If investigating officers believe there’s evidence of a crime at a particular location, they may try to get a search warrant allowing them to search the premises. A judge reviews the information submitted by the police and decides whether there is “probable cause” to support it. Probable cause means that an officer has presented enough facts to support a belief that there is evidence of a crime at the location described in the warrant.

A warrant may not be required where there are “exigent circumstances” or an emergency situation (when evidence may be destroyed or a crime is in the process of being committed).


Law enforcement officers can interrogate witnesses, and even question potential suspects, as long as their constitutional rights are protected.


Police can make an arrest under the following conditions:

  • If law enforcement officers have probable cause to believe that a crime has been committed and that a specific person has committed the crime, they may arrest the person under suspicion, taking them into custody. Officers may need to obtain a warrant before taking a suspect into custody.
  • If a person commits a felony or misdemeanor crime in the presence of a law enforcement officer, the officer may arrest the person without a warrant.
  • If an officer has probable cause to believe that a person has committed a felony crime, even if the crime was not committed in the officer’s presence, the officer may arrest the person.

An arrest may be made in a public place, with or without a warrant. But if law enforcement officers wish to arrest a person in a private place, they must first obtain an arrest warrant, unless there are “exigent circumstances,” such as the possibility that the suspect will flee.

Law enforcement officials have a relatively short period of time following an arrest (24 or 48 hours, depending on the state) during which they must either charge the person with a crime or release them.

Complaint, Information or Indictment

Law enforcement officers may decide to file criminal charges, either before or after arresting a suspect.

  • Filing written charges, or a “complaint,” starts the criminal justice process in motion.
  • A prosecutor may also put the criminal justice process in motion by filing written charges called an “information.”
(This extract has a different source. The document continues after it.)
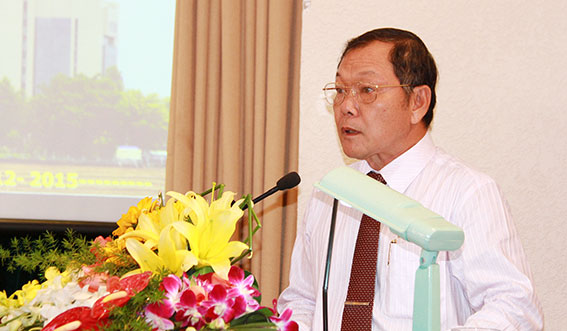 Phó chủ tịch UBND tỉnh Trần Minh Phúc trình bảy báo cáo tình hình kinh tế - xã hội, an ninh quốc phòng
In the case of a complaint or an information, filing charges allows law enforcement officers to keep the accused person in custody pending additional proceedings, such as arraignment and the setting of bail.

  • In the federal criminal justice system and in about half of the states, defendants have the right to indictment by a grand jury. This means that a jury composed of citizens must hear the evidence presented by a prosecutor and decide if there is probable cause to believe that a crime has been committed, and that the person accused committed the crime.
  • Other states use a procedure called a “preliminary hearing,” where a judge considers evidence the prosecutor presents to decide whether there is probable cause to support the charges against the accused person.

Often, the criminal justice process will start by the filing of a complaint or information, later followed by a grand jury proceeding resulting in an indictment, or a preliminary hearing in states using the preliminary hearing process.

In all of these cases – complaint, information or indictment – the resulting document is merely an accusation against a person. It is not proof that the person committed the crime or crimes charged.


An arraignment is the formal presentation of charges in open court. This proceeding may be called a preliminary hearing or something else depending on the state. During an arraignment, the charges are read to the accused person (defendant) by a judge, and the defendant is asked to plead guilty or not guilty to the charges.

The defendant’s lawyer may be present, or an attorney appointed by the court may represent the defendant.


Bail is money or property that an accused person puts forth as security, to make sure they’ll show up for further criminal proceedings, including the trial and sentencing.

Bail can be paid:

  • In cash
  • In the form of a bail bond
  • A pledge of property if the court permits this form of security.

A bail bond is an agreement with a bail bondsman under which the bondsman puts up bail money in return for a fee.

There is no guaranteed right to a release on bail. If a judge believes that a defendant may flee from the court’s jurisdiction or otherwise fail to appear, or if the crime charged is extremely serious, then bail may be denied or set at such a high figure that a defendant may not realistically be able to post bail.

In much less serious offenses, an individual who is well established in the community with a job, a home, and family to support may be released on relatively low bail. Or, a defendant may be released without bail. This is sometimes referred to as being released in one’s own recognizance, or “R.O.R.